Dataset entries:
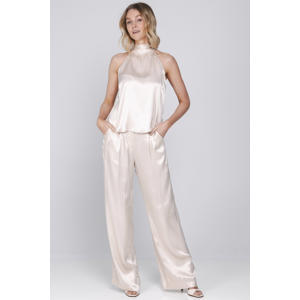 satijnen wide leg regular waist broek lichtroze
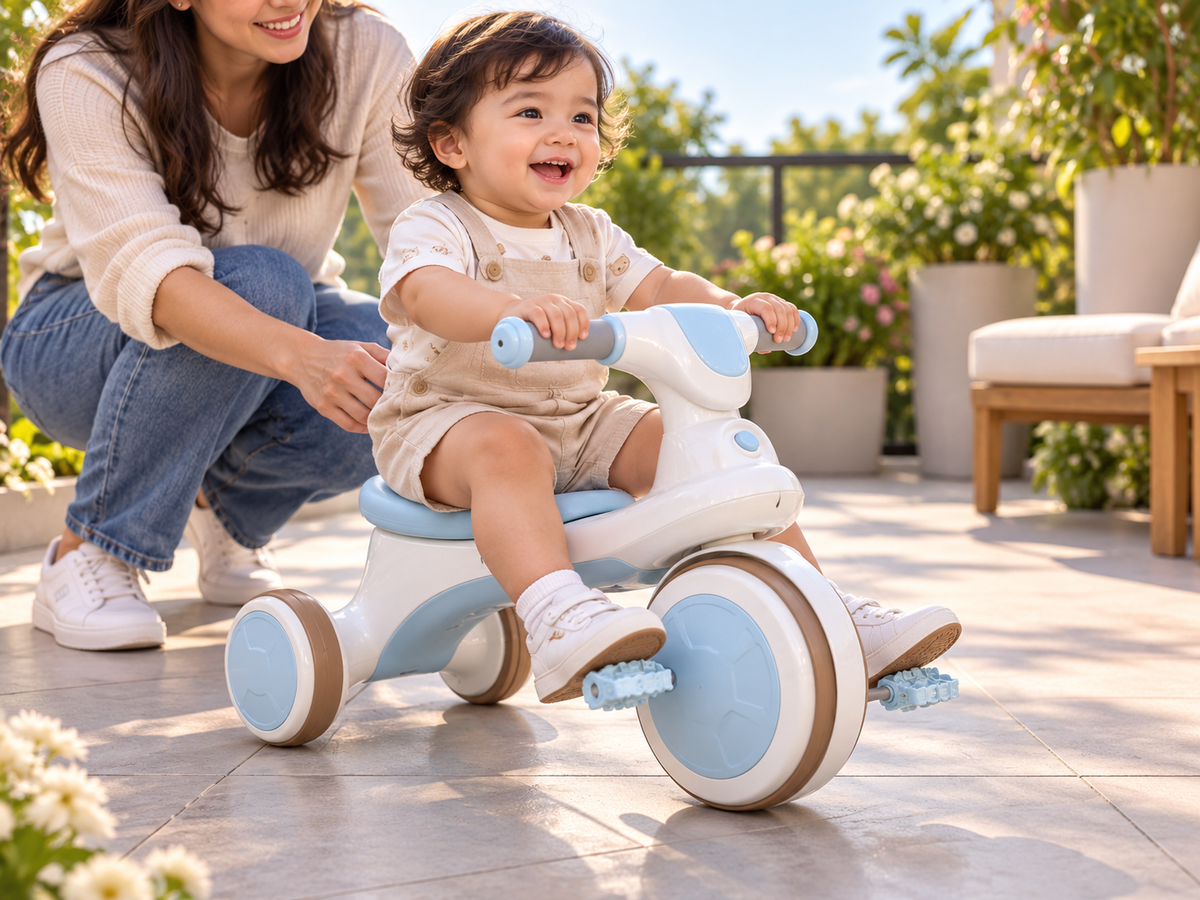 Niño usando el triciclo infantil 606 con supervisión adulta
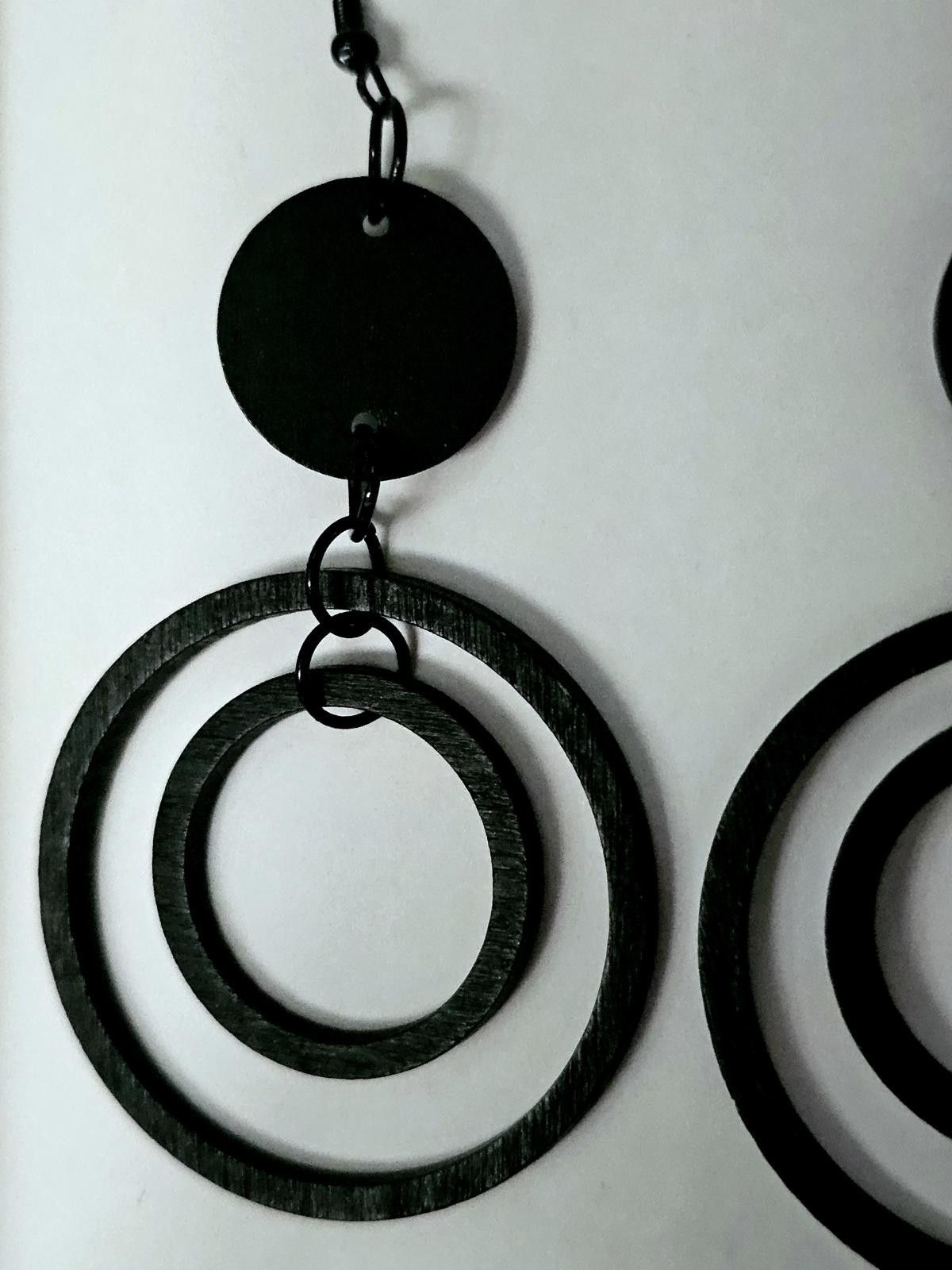 The Unbranded Brand Black Circle Wood Dangle Earrings Size ONE SIZE - 3 Thumbnail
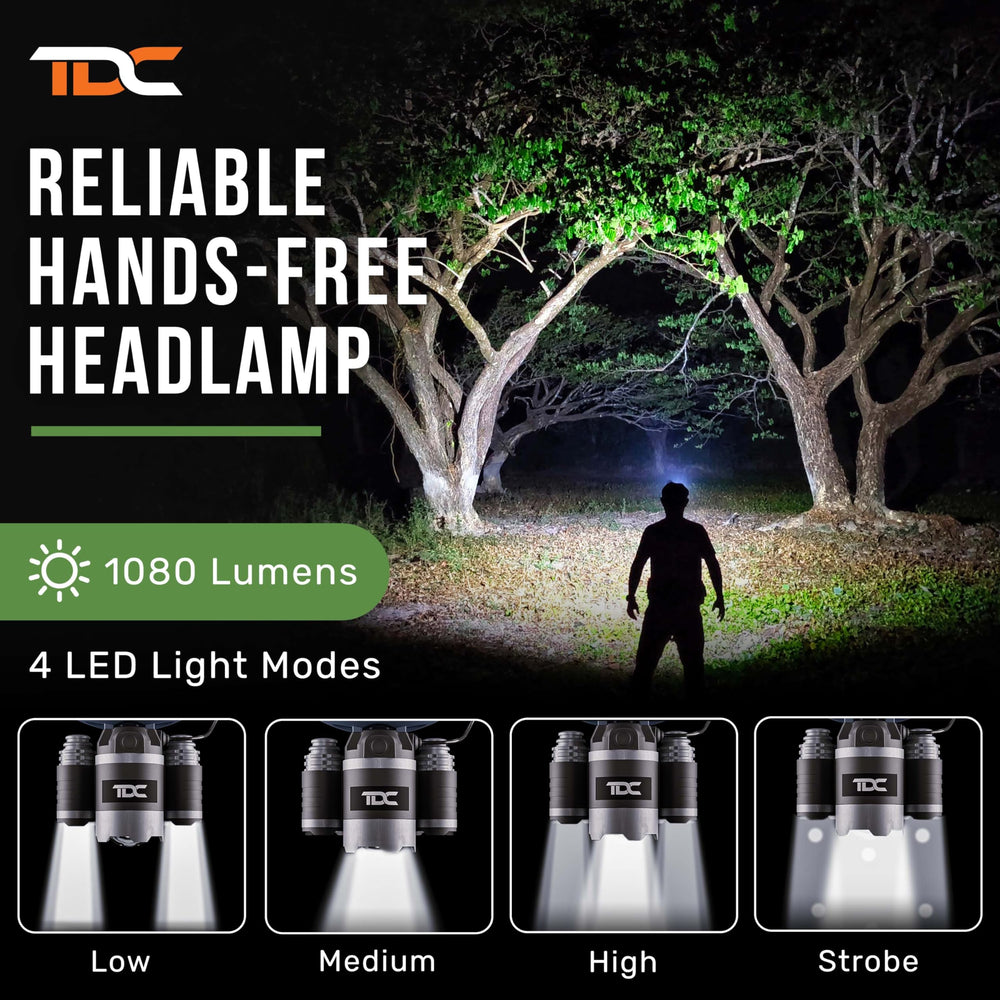 TDC camo headlamp with USB-C charging for quick recharges.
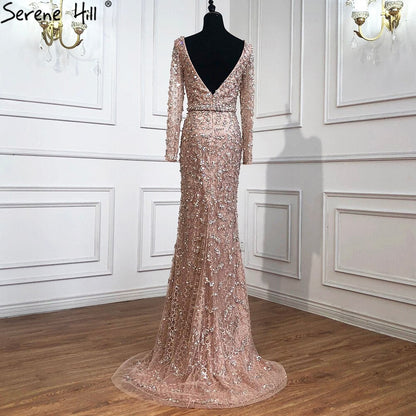Peach Mermaid V-Neck Evening Dresses  2025 Dubai Long Sleeves Beading Formal Dress Design LA70499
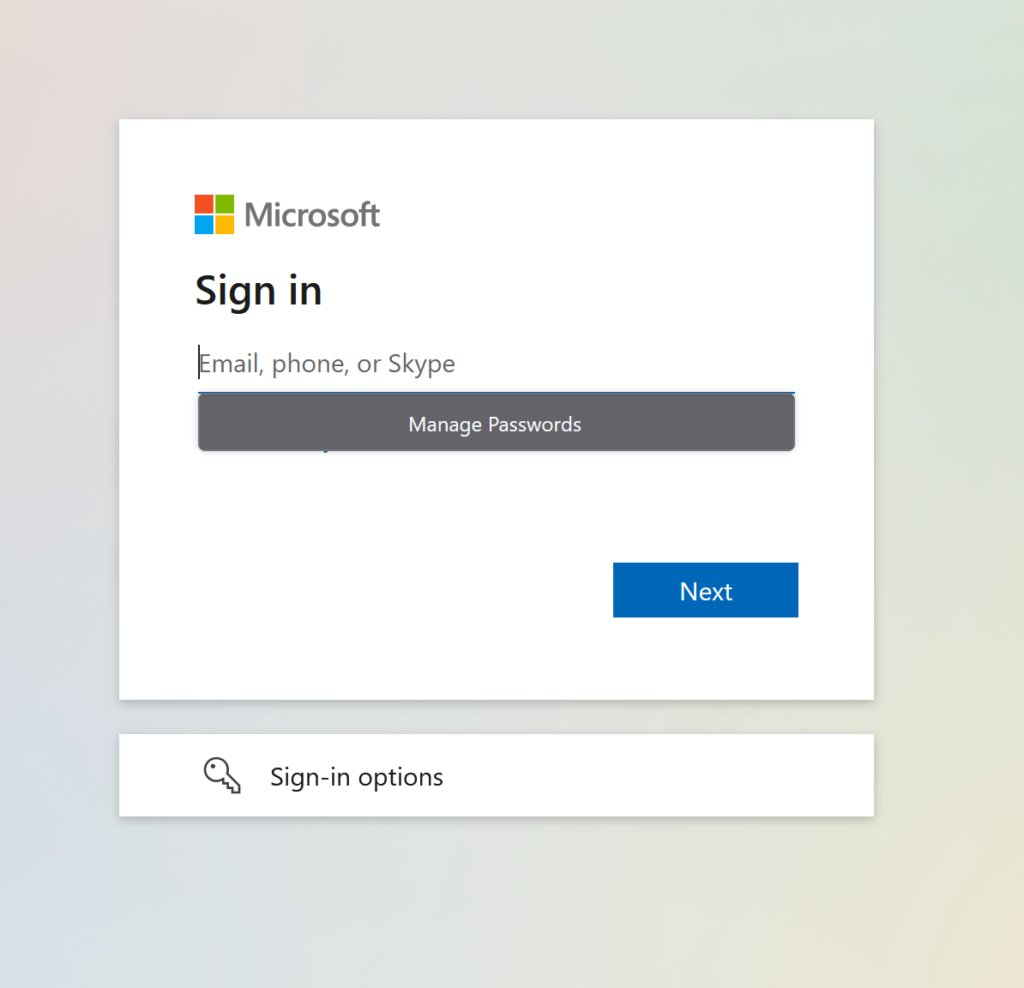 Microsoft login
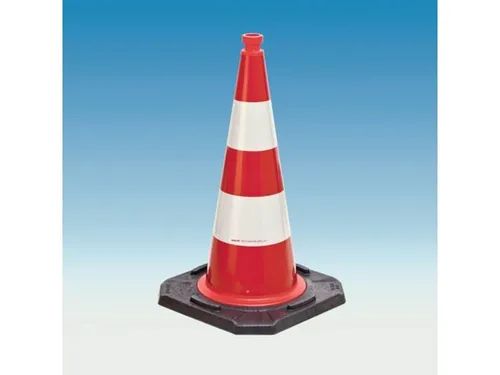 Moravia MORION-Reflexkegel-EU 500 Typ A rot-weiss reflektierend - Absperrungen mit hoher Sichtbarkeit, ideal für Sicherheitsmaßnahmen im Straßenverkehr und bei Baustellen.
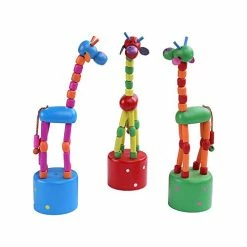 Coupon ✨ Giraffe Finger Puppets , Wooden Cute Colorful Cartoon Giraffe Thumb Push Puppets , Swing Dancing Body Collapsing Giraffe Desktop Toys For Kids Toddlers 3 + Year Old Boys 👧 Girls (Set Of 3) 👏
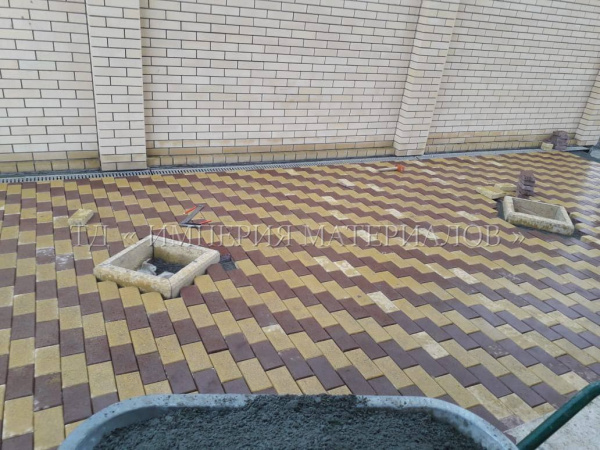Тротуарная плитка "Кирпичик" желтый 200x100x50
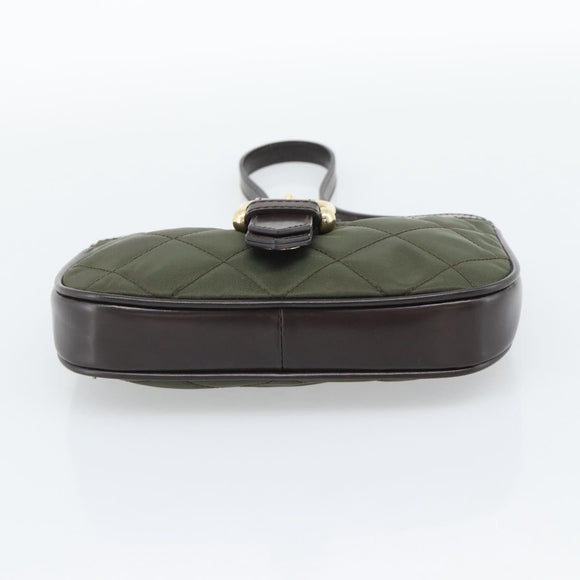 BURBERRY Hand Bag Nylon Khaki Gold Tone Auth ep15442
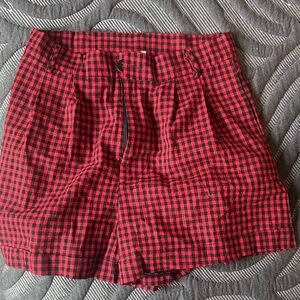 Plaid Red Women's Shorts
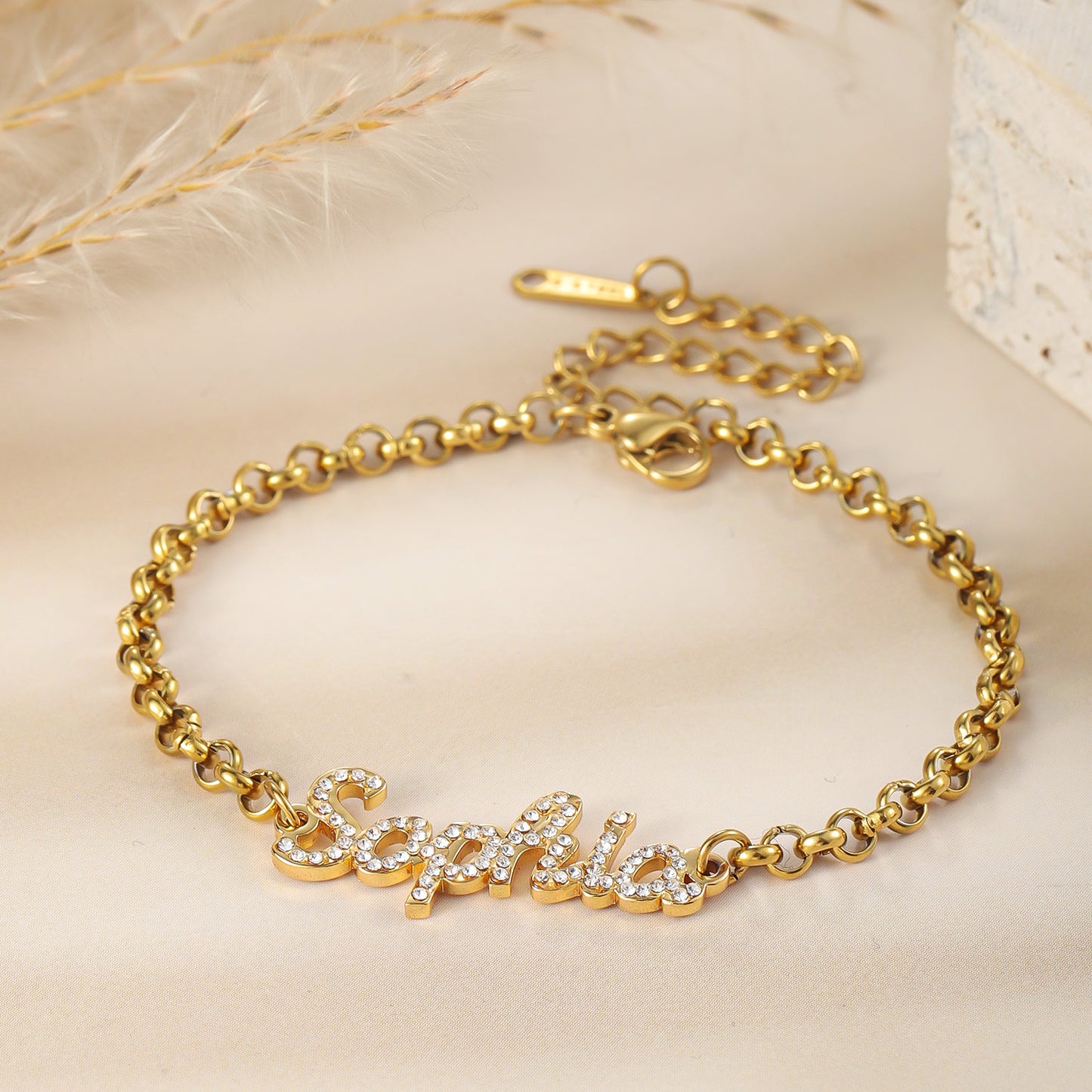 Personalized Diamond Name Bracelet With Handwritten Font For Man And Women - QZB3655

» **EXERCISE**
Every line above must appear in the answer unchanged, and no picture may appear in it.

» **RESPONSE TO THE EXERCISE**
 satijnen wide leg regular waist broek lichtroze
 Niño usando el triciclo infantil 606 con supervisión adulta
 The Unbranded Brand Black Circle Wood Dangle Earrings Size ONE SIZE - 3 Thumbnail
 TDC camo headlamp with USB-C charging for quick recharges.
Peach Mermaid V-Neck Evening Dresses  2025 Dubai Long Sleeves Beading Formal Dress Design LA70499
 Microsoft login
 Moravia MORION-Reflexkegel-EU 500 Typ A rot-weiss reflektierend - Absperrungen mit hoher Sichtbarkeit, ideal für Sicherheitsmaßnahmen im Straßenverkehr und bei Baustellen.
 Coupon ✨ Giraffe Finger Puppets , Wooden Cute Colorful Cartoon Giraffe Thumb Push Puppets , Swing Dancing Body Collapsing Giraffe Desktop Toys For Kids Toddlers 3 + Year Old Boys 👧 Girls (Set Of 3) 👏
Тротуарная плитка "Кирпичик" желтый 200x100x50
 BURBERRY Hand Bag Nylon Khaki Gold Tone Auth ep15442
 Plaid Red Women's Shorts
 Personalized Diamond Name Bracelet With Handwritten Font For Man And Women - QZB3655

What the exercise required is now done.